## Input:
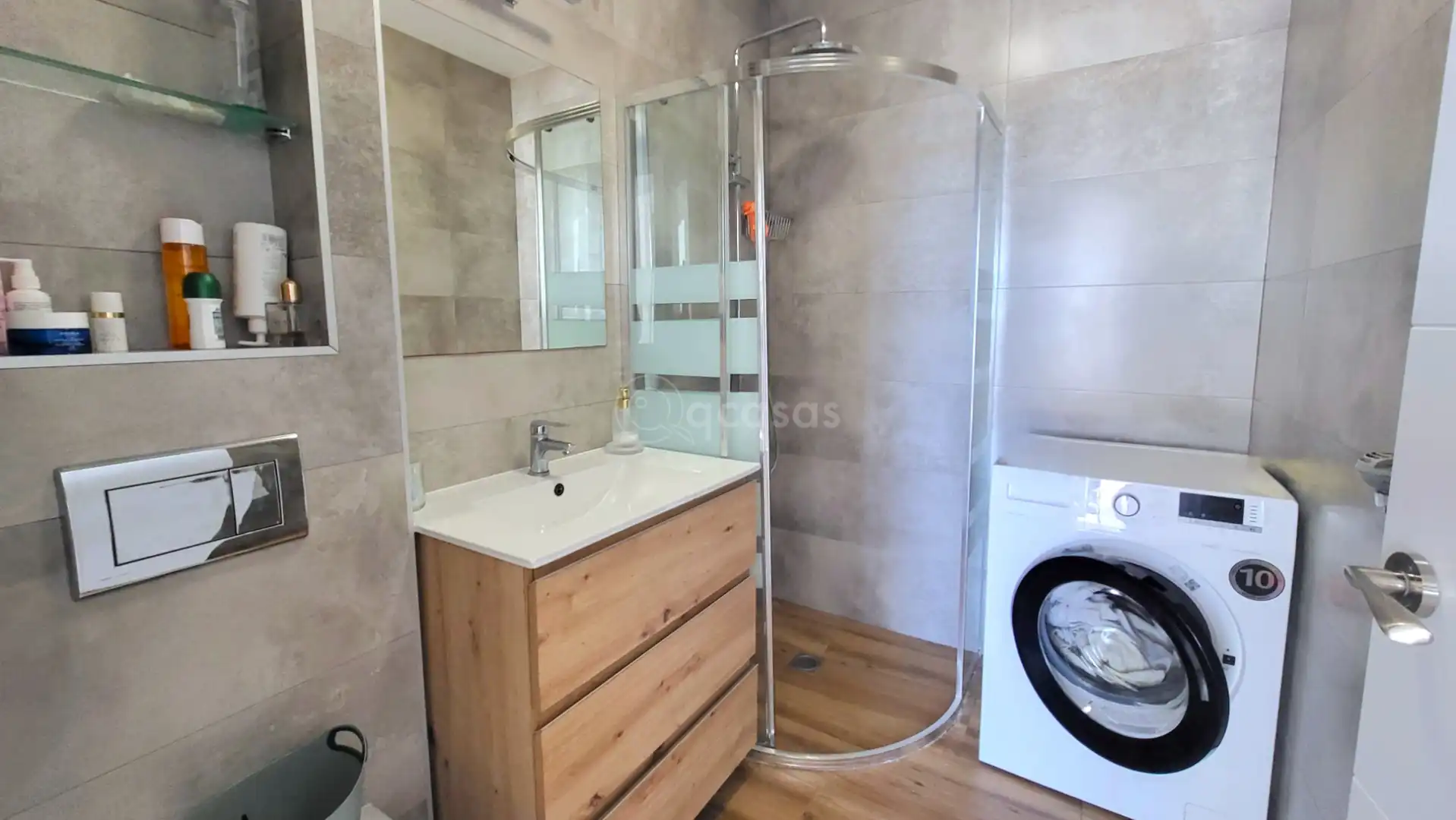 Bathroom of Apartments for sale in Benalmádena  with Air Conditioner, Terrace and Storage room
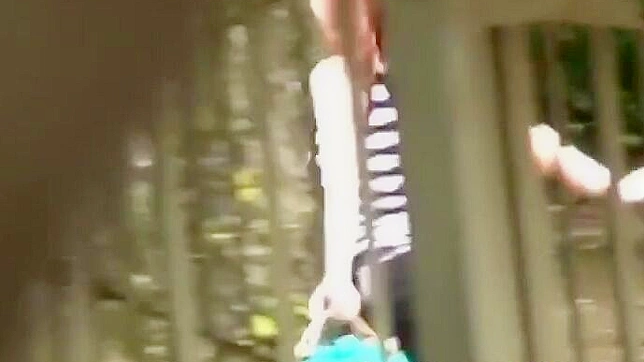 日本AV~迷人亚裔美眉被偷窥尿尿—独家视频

==

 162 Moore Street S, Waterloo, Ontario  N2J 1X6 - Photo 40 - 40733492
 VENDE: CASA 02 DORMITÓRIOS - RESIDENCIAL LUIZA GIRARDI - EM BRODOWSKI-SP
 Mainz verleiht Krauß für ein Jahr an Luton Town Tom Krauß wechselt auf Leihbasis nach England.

* * *

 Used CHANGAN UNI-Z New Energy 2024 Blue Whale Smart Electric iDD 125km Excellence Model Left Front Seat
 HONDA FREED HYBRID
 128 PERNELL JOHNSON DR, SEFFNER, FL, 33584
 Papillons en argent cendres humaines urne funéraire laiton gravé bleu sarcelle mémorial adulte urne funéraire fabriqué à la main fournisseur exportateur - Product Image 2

## The problem:
Within the entries above, the lines from the one containing "Bathroom of Apartments" through the one containing "日本AV~迷人亚裔美眉被偷窥尿尿—独家视频" are to be transcribed exactly, ends included, pictures excluded.

## Task answer:
 Bathroom of Apartments for sale in Benalmádena  with Air Conditioner, Terrace and Storage room
 日本AV~迷人亚裔美眉被偷窥尿尿—独家视频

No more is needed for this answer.